665 So. 2d 149 | La. Ct. App. | 1995
Joseph Bernard Taylor was charged with four counts of attempted second degree murder in violation of La.R.S. 14:27 and 14:30.1. Defendant pled not guilty to all charges. One count of attempted second degree murder was dismissed prior to trial. After trial by jury, defendant was found guilty of two counts of attempted second degree murder and one count of attempted manslaughter. Defendant now appeals his conviction, alleging one assignment of error.
FACTS
On the nights of April 24, 1994, and May 14, 1994, defendant fired several shots into the house of his former girlfriend, Vanetta Brown. Wilbert Clark was also present in Ms. Brown’s home at the time of the second incident. During both incidents, Ms. Brown’s two children were also in the house. For the April 24, 1994, incident, defendant was charged with attempted second degree murder of Vanetta ^Brown. For the May 14, 1994, incident, defendant was charged with two counts of attempted second degree murder of Wilbert Clark and Vanetta Brown, respectively.
ERRORS PATENT
In accordance with La.Code Crim.P. art. 920, we have reviewed the record for errors patent on the face of the record.

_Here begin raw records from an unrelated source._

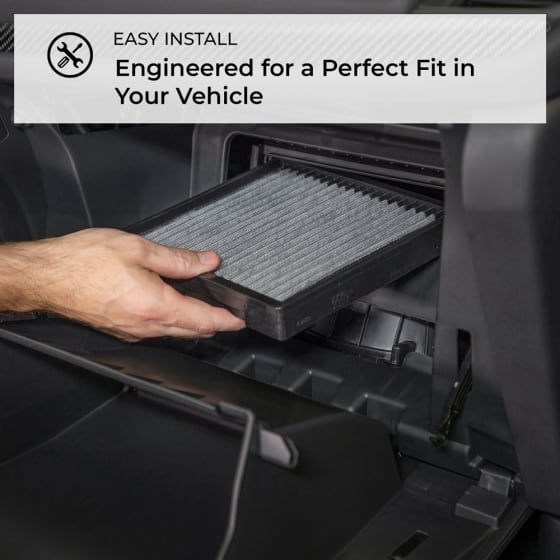 2020 kia cerato 2 0l l4 gas cabin air filter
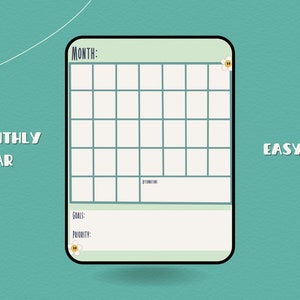 Digital Planner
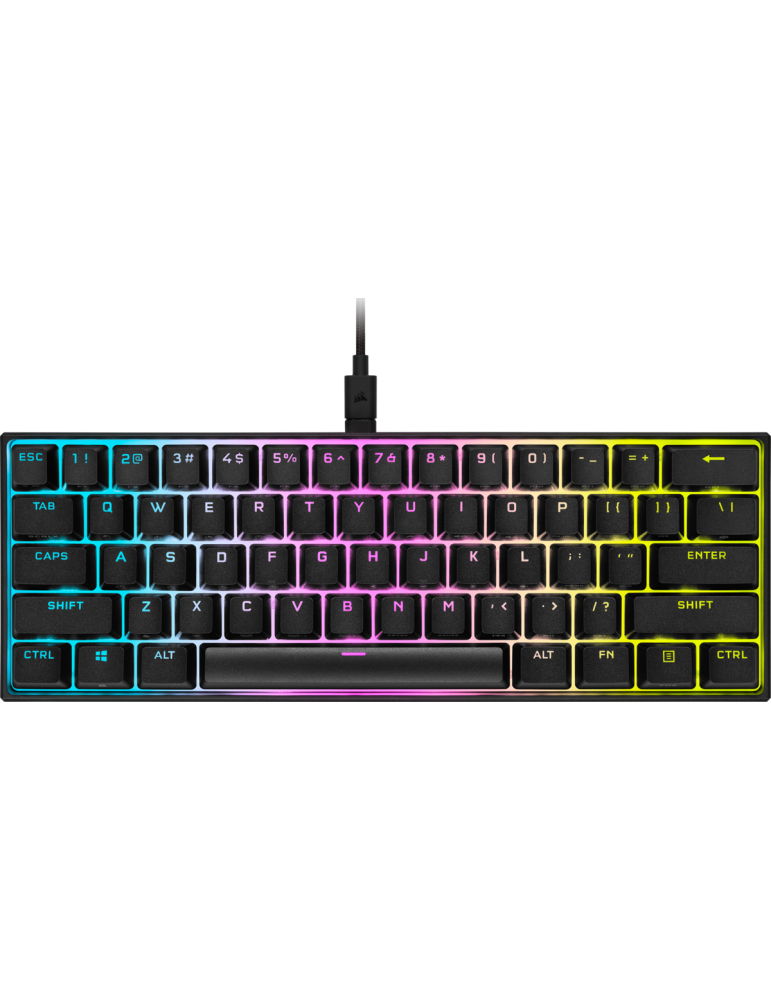 CORSAIR K65 RGB MINI 60%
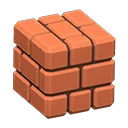floating block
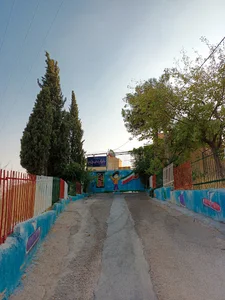 مدرسه شهید رجایی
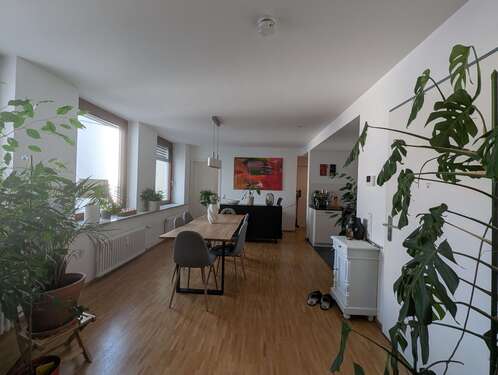 Foto - Wohnung zum Mieten in Stuttgart 1.160,00 € 61.3 m²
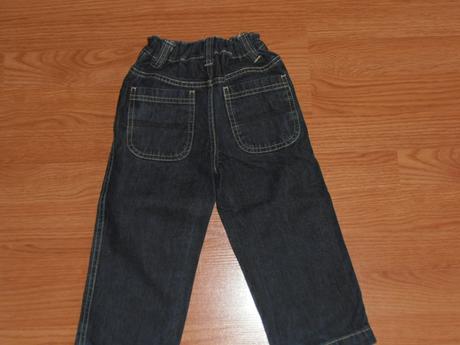 Rifle cheerokee., 98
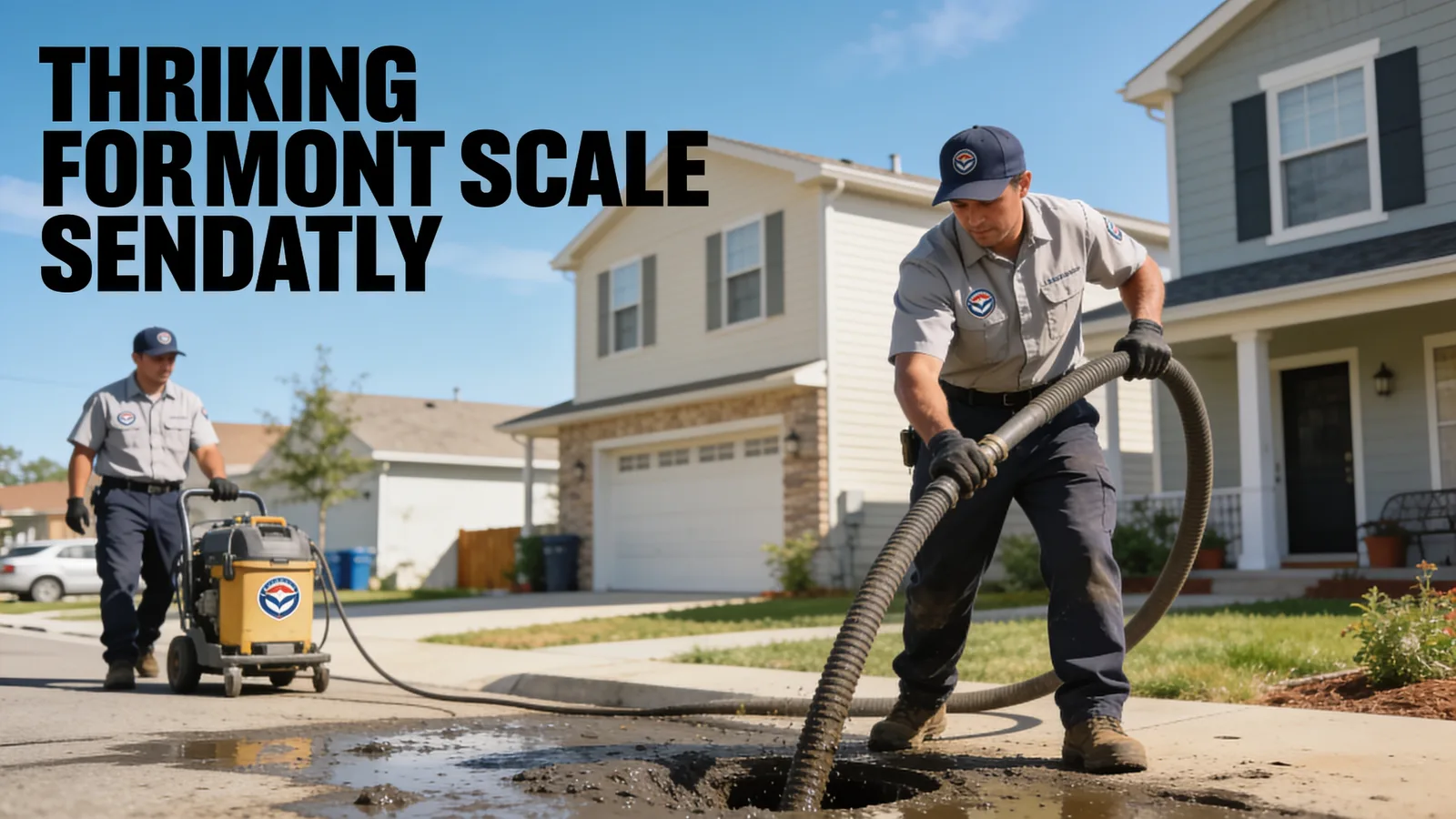 Sewage Cleanup in Nortonville, KY near me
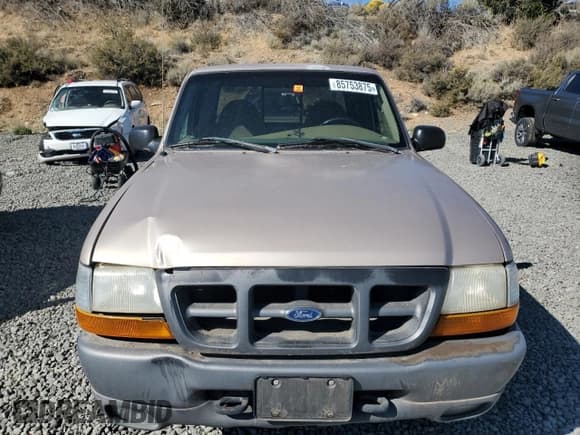 ✅ 1998 Ford Ranger XL • VIN: 1FTZR15X0WPB30921 • Лот: 85753875. Опубликован ранее на Copart с пробегом 236 215 миль. Бесплатный доступ к архиву аукционных продаж из США и подробный отчёт об истории автомобиля на DreamBid. Изображение 5.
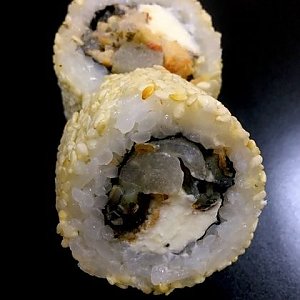 Урамаки Субаяши Дэн, Fusion Food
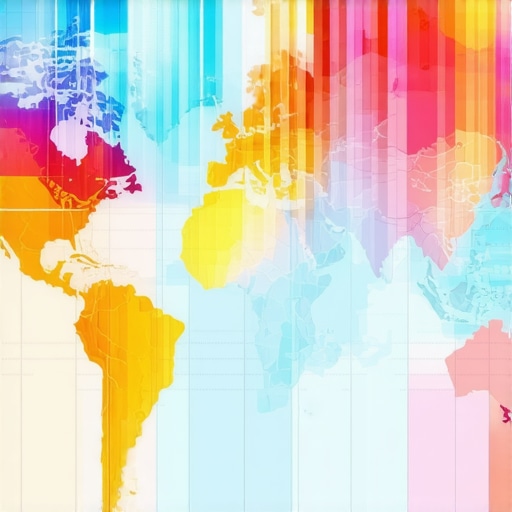 How Seasonal Search Trends Shift the 2026 Map Ranking Formula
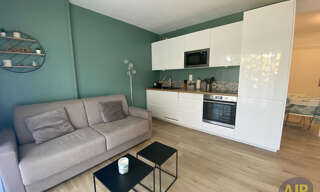 Appartement 2 Pièces 31 m² à louer à Arcachon (33120)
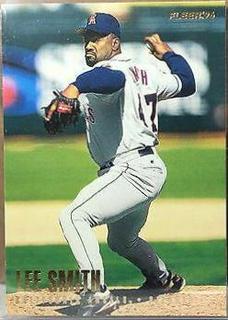 Lee Smith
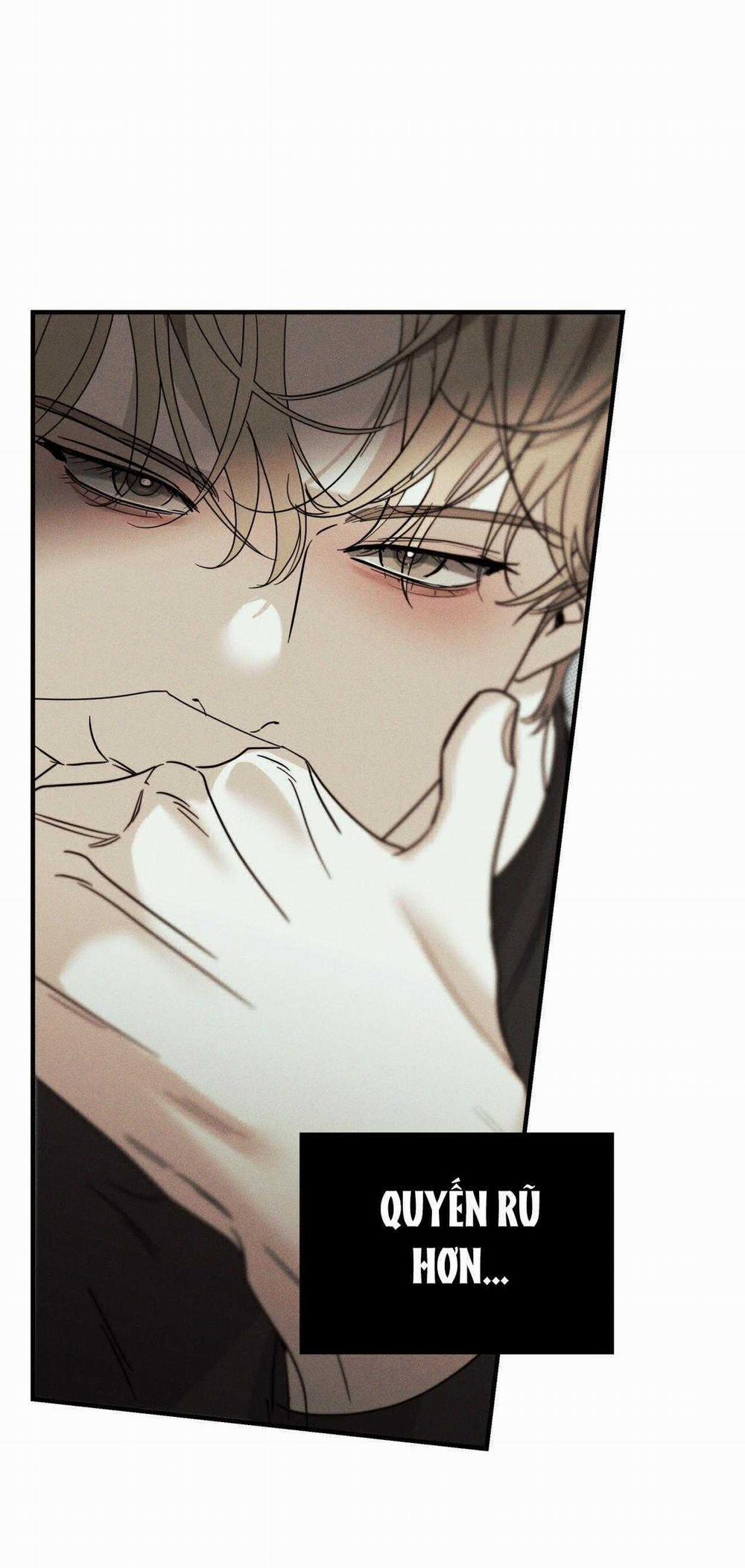 Ôi, Kẻ Thù Không Đội Trời Chung 35 trang 16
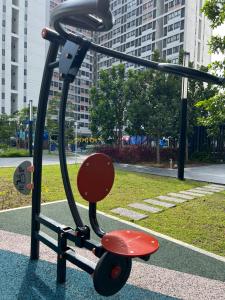 A & A Homestay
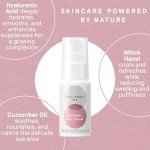 Balance Me Wonder Eye Cream for Dark Circles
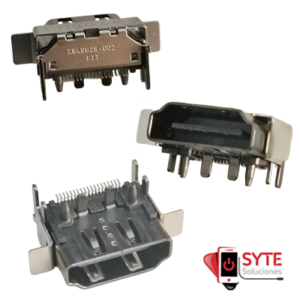 Conector HDMI Xbox One X-X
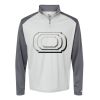 Men's Breakout Quarter-Zip Pullover Thumbnail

We find no errors patent.
ASSIGNMENT OF ERROR
Defendant alleges the trial court erred in denying defendant’s motion for mistrial based on the prosecutor’s reference to defendant as a “criminal” during the state’s rebuttal argument. The prosecution stated the following in its rebuttal argument:
That man didn’t even have to go to her house, he’s only a old friend, and he was just as much a friend to this man, because he’s known this guy for a long, long time, too, but he went to the house that night because she asked him, and May the 14th was the first night she was back in that house and low and behold who shows up again but this criminal, who wants to kill Ms. Brown, and he does it again, and Wilbert tells you the car. Officer Fields gets a report on the radio.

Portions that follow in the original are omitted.